INFORMATION SHOWN =
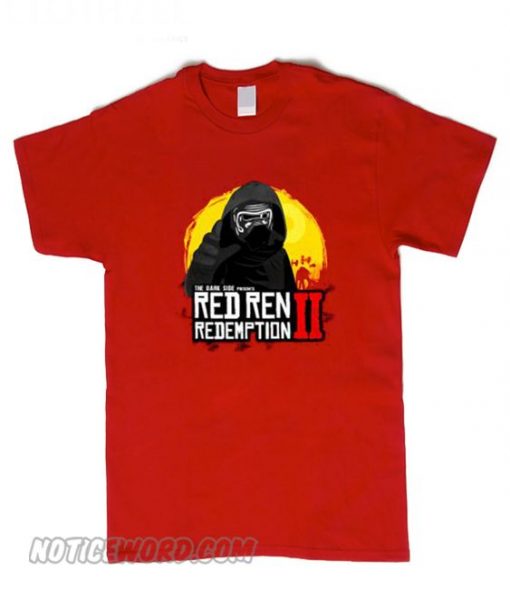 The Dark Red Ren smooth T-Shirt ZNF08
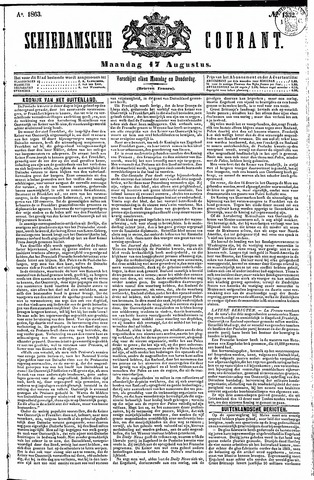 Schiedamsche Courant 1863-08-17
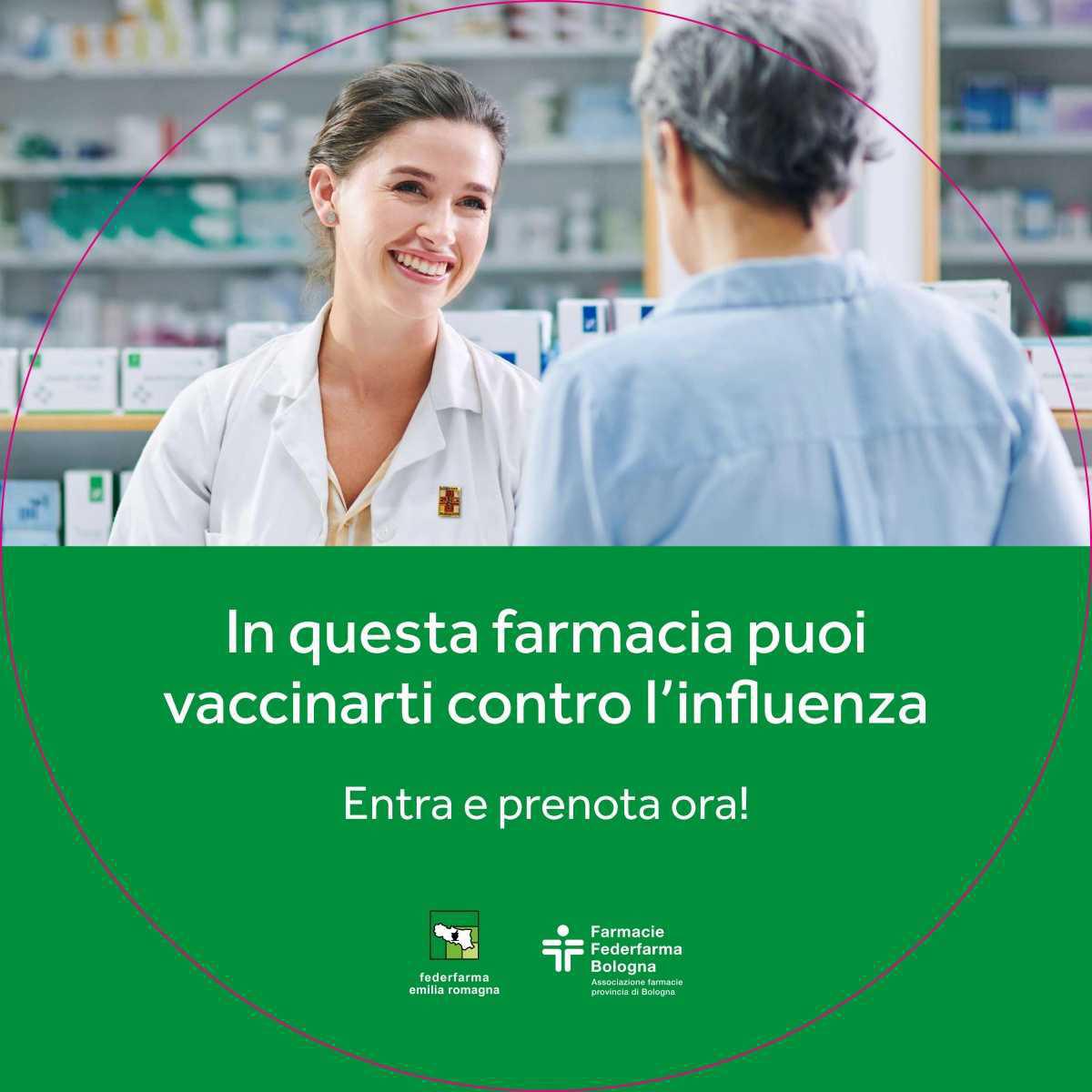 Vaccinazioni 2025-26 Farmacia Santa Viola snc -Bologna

WHAT THE TASK ASKS =
The full listing, transcribed exactly and without its pictures, is the expected result.

WRITTEN SOLUTION =
 The Dark Red Ren smooth T-Shirt ZNF08
 Schiedamsche Courant 1863-08-17
 Vaccinazioni 2025-26 Farmacia Santa Viola snc -Bologna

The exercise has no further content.